Maja Sablewska (born 5 April 1980) is a Polish music manager, stylist and television personality. In 2011 she was a judge on TV show X Factor. Since 2013 she has been hosting several makeover television shows.

==Early life and the music manager career==
As a 17-year-old she raised Natalia Kukulska's fan club. Many meetings with her after the concerts made their relationship closer. When she was 19, she was offered by the singer a babysitter job, which was the reason why she moved from her family town Sosnowiec to Warsaw. A year later she was noticed by Katarzyna Kanclerz who was connected with Universal Music Poland.

During her work in the label she met Dorota Rabczewska, the vocalist of Virgin. When the band suspended in 2007 the singer asked Sablewska to take care of her solo career.

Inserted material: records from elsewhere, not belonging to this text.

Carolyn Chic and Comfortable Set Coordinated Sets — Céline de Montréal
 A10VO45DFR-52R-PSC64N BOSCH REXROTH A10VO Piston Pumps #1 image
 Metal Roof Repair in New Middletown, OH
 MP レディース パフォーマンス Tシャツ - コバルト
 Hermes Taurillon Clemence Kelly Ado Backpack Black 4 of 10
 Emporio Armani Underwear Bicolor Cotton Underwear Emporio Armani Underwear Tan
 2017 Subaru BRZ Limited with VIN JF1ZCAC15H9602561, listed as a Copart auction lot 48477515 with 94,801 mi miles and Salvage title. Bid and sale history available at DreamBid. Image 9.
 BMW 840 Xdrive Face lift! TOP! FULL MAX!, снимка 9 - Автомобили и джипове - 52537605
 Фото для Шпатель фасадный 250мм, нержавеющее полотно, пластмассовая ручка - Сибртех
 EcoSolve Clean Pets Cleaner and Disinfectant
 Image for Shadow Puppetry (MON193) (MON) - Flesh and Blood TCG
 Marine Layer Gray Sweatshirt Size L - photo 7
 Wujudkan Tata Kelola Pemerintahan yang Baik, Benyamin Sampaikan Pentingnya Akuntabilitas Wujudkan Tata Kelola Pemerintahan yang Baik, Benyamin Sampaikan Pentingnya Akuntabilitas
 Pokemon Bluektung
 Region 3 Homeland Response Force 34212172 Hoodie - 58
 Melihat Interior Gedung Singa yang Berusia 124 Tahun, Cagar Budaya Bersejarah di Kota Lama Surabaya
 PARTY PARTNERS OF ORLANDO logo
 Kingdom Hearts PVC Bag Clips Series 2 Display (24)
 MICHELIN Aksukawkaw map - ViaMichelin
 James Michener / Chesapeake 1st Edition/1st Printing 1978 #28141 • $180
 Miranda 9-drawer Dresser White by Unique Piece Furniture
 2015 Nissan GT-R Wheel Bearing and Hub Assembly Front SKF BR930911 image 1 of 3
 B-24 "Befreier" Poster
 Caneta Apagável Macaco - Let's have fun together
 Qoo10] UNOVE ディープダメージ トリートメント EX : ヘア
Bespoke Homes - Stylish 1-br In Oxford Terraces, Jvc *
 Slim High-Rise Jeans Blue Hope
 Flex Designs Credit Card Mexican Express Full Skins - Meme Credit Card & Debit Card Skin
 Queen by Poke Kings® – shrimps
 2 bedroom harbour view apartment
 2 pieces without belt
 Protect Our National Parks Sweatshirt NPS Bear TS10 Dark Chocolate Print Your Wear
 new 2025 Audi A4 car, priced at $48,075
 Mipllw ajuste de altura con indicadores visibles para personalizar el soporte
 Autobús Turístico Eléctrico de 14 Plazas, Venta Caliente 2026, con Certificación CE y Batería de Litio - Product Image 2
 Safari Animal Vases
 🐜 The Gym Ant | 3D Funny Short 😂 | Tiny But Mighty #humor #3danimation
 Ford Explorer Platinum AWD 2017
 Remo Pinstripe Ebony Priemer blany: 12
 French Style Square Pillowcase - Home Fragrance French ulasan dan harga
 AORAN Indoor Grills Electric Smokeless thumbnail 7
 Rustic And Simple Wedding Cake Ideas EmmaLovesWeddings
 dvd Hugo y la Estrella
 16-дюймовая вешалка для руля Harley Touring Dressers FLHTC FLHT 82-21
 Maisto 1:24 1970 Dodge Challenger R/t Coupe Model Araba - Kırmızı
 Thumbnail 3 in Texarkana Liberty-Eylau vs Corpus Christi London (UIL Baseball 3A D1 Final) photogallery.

In Autumn 2009 she took care of another artist - debuting Marina Łuczenko. This was not accepted by Rabczewska and later the manager turned down working for Doda. Their co-operation ended up on 26 November 2009.

Soon media reported that Sablewska had become the manager of Edyta Górniak, which was confirmed by both of them on 28 March 2010 on Dzień Dobry TVN.

On 23 January 2011 Edyta Górniak resigned Sablewska's service, which she announced by sending a statement to the press on the next day.

A month later, on 18 February 2011, Marina Łuczenko ended the co-operation with the manager.

On 10 March 2011 web page plejada.pl reported that Sablewska was going to launch a music management company with Żaneta Szlagowska. Patricia Kazadi is said to be their first artist.

==X Factor==
In late 2010 she was offered a judging role on the TV show X Factor by TVN. In January 2011 it was confirmed that she had accepted it. She served in the judging panel alongside Kuba Wojewódzki and Czesław Mozil. In 2012, she left the show and was replaced by Tatiana Okupnik.